Records for this exercise:
━━━━━━

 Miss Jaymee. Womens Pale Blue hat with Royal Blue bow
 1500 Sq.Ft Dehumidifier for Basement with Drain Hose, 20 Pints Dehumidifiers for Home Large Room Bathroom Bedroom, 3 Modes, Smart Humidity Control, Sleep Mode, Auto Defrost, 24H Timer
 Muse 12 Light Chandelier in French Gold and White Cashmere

━━━━━━

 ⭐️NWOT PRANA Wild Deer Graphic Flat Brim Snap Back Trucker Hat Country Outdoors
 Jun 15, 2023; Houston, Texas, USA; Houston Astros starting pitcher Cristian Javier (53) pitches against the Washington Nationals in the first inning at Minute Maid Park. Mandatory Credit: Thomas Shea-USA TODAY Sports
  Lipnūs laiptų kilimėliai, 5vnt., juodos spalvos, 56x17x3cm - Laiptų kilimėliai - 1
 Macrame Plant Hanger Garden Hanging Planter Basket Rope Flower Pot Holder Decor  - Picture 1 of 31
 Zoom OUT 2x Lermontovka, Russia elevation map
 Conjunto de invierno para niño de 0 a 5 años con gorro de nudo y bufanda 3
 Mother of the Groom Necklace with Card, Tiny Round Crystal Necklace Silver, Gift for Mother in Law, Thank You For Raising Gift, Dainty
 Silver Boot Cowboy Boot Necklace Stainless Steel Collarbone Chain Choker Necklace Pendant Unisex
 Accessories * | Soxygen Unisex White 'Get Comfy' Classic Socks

━━━━━━

All lines above from the one with "Mother of the" to the one with "Accessories * |", inclusive, should be copied exactly, and no other lines.

Task solution:
 Mother of the Groom Necklace with Card, Tiny Round Crystal Necklace Silver, Gift for Mother in Law, Thank You For Raising Gift, Dainty
 Silver Boot Cowboy Boot Necklace Stainless Steel Collarbone Chain Choker Necklace Pendant Unisex
 Accessories * | Soxygen Unisex White 'Get Comfy' Classic Socks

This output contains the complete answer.